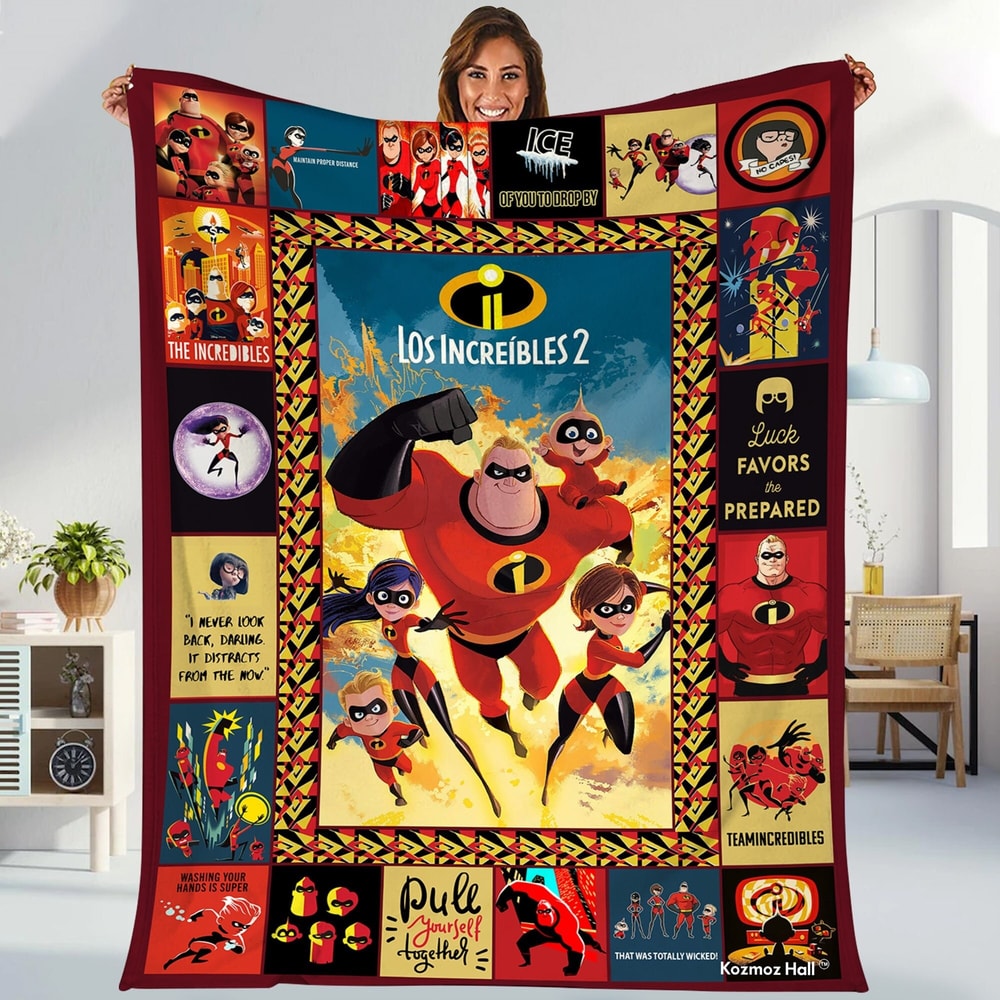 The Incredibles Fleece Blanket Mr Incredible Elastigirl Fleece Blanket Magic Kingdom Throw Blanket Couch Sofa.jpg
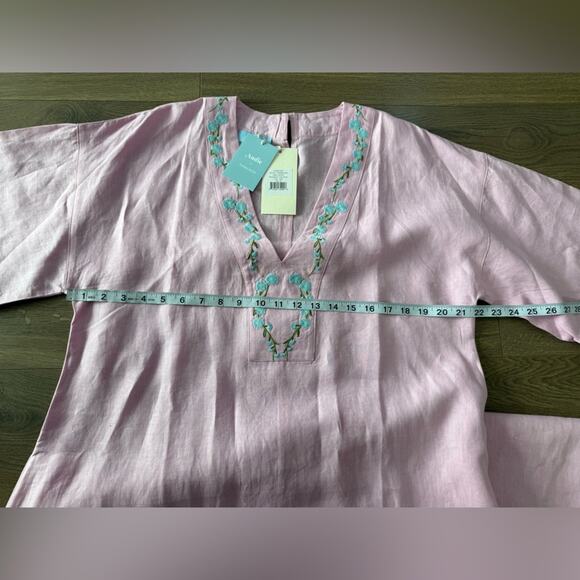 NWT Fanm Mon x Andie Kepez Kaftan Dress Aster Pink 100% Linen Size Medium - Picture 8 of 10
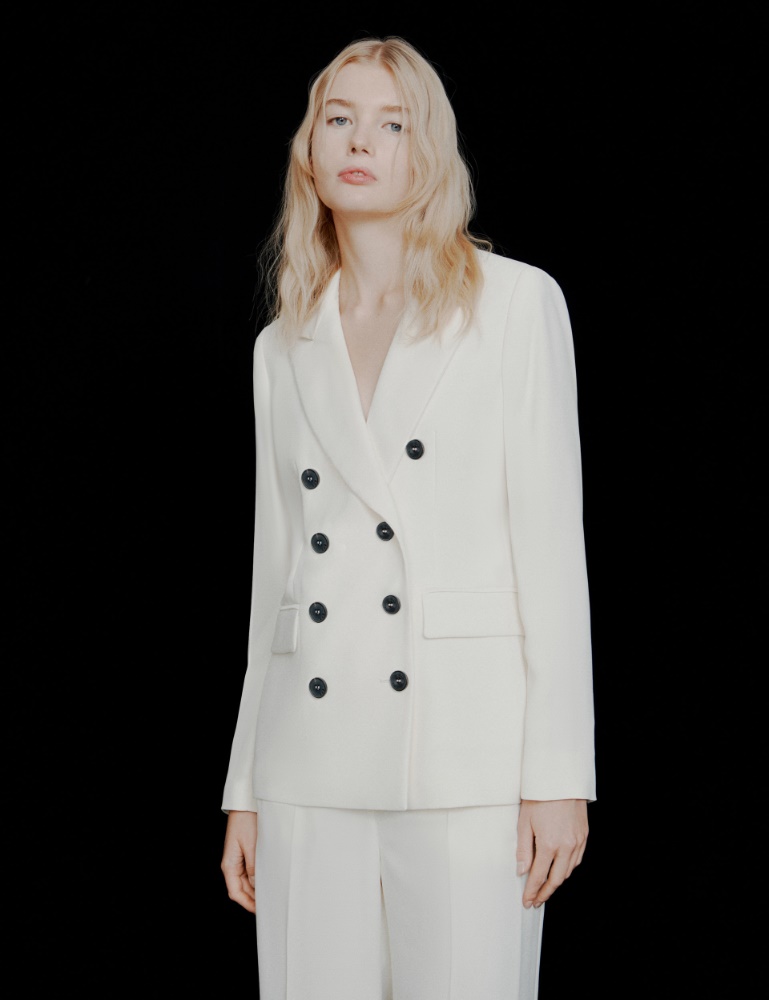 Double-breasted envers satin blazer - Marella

____________

— Problem to work on —
Start to finish, write out the data above exactly, omitting all pictures.

— Response box —
 The Incredibles Fleece Blanket Mr Incredible Elastigirl Fleece Blanket Magic Kingdom Throw Blanket Couch Sofa.jpg
 NWT Fanm Mon x Andie Kepez Kaftan Dress Aster Pink 100% Linen Size Medium - Picture 8 of 10
 Double-breasted envers satin blazer - Marella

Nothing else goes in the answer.